5 novembre 2013
Golden Aïda


Cela faisait quarante-cinq ans qu’Aïda, un des opéras les plus populaires de Verdi,  n’avait pas été donné à l’Opéra de Paris.  Sous prétexte de l’éclat des fameuses trompettes alors que le drame est plutôt intimiste, il ne restait pour la rivalité amoureuse entre Amnéris, la fille du pharaon, et la princesse éthiopienne, que les gigantesques scènes de Bercy, quand ce n’est pas celle du Stade de France. Alors, sans doute attendait-on un peu trop de ce retour… Mais, mis à part quelques huées à l’arrivée des chars, et des spectateurs à la sortie grommelant « c’est une honte », le public a fait meilleur accueil que la critique à cette nouvelle production  du prolifique Olivier Py – il est vrai que les plus turbulents se manifestent surtout à la première, voire à la générale, et n’avaient cure d’un samedi du week-end de la Toussaint.
On a reproché à cette mise en scène  d’être peu inspirée, voire paresseuse.
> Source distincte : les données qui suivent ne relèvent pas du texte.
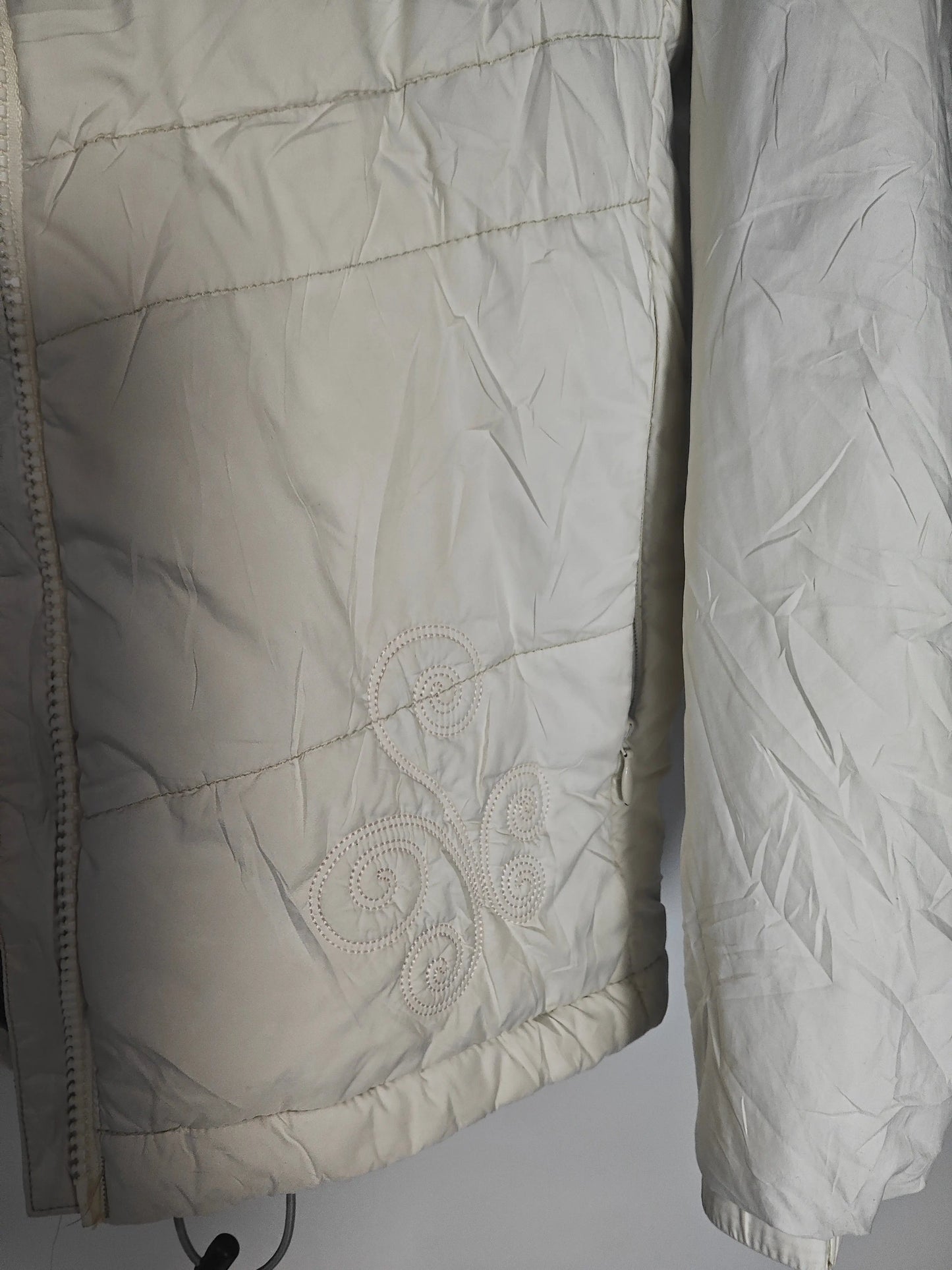 Doudoune blanche Columbia, avec motif floral brodé en spirales ton sur ton, rembourrage matelassé.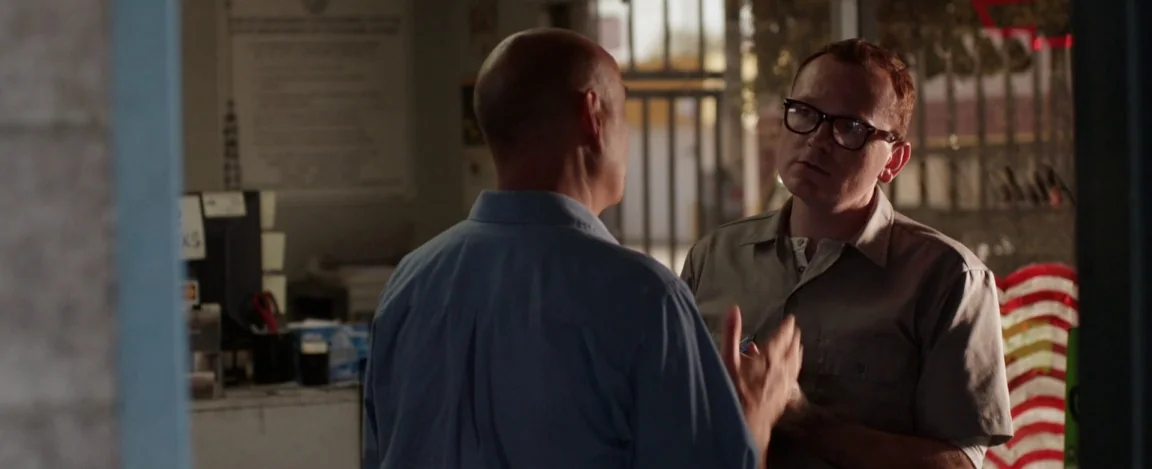 Cheap Thrills (2013) movie still: medium — A man in a tan shirt speaks to a bald man in a dusty room. The interior appears to be a cluttered…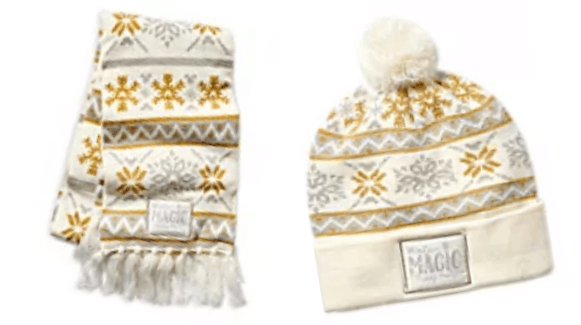 Add Disney magic to your winter wardrobe with this cream knit scarf and hat set from the Disney Parks Silver and Gold Collection, decorated with sparkling gold and gray snowflake patterns and featuring a “MAGIC” patch on each piece—must-have accessories for staying cozy during your next visit to the parks.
Si ce n’est peut-être pas la meilleure qu’il ait donnée, l’essentiel de cette histoire au fort parfum colonial est là : nul hasard ainsi à voir un danseur grimé façon Banania avec le visage peint en noir, malmené par deux militaires désœuvrés – tandis que les pancartes xénophobes brandies par les Egyptiens la fin de la première partie font un peu sous-Brecht.

Mélange des époques

L’horreur de la guerre n’est pas tue, avec ces cadavres qui s’amoncellent sous la pompe politique représentée par l’immense décor cuivré de Pierre-André Weitz – prévoir verres fumés pour prévenir les éblouissements quand celui se met en rotation… Même si les costumes mélangent un peu les époques, on reconnaît aisément la lutte de l’Italie contre l’empire austro-hongrois, bien qu’en 1871, année où fut créée Aïda, l’unité italienne étant acquise, Verdi n’avait plus à faire passer des messages nationalistes dans ses opéras comme au temps de sa jeunesse. Enfin pour ce qui est des nus masculins, excepté les cadavres, il faudra se contenter de torses – eh oui l’Autriche des années 1870 était encore très pudibonde, Freud n’étant pas encore passé par là, tandis que les femmes arborent sur scène de longues robes noires à corset.
En revanche, musicalement parlant, cette Aïda ne se montre pas tout à fait à la hauteur d’une affiche pourtant prestigieuse. Certes, il y a le Radamès nuancé de Marcelo Alvarez – même si celui-ci se montre parfois au bord du souffle – ou encore l’Amnéris impitoyable  de Luciana d’Intino. A côté, l’Aïda d’Oskana Dyka, au timbre métallique, fait un peu pâle figure – dans le second cas, Lucrecia Garcia a certainement davantage le caractère du rôle, à en juger son Odabella dans Attila à Vienne l’été dernier. Reste la baguette de Philippe Jordan, d’une subtilité toujours admirable, même si l’italianità et son mordant lui restent décidément une chose étrangère. Un sans faute en revanche pour les puissants chœurs, préparés par Patrick Marie Aubert. Une honnête soirée en fin de compte, quoiqu’un peu en-deçà des moyens déployés.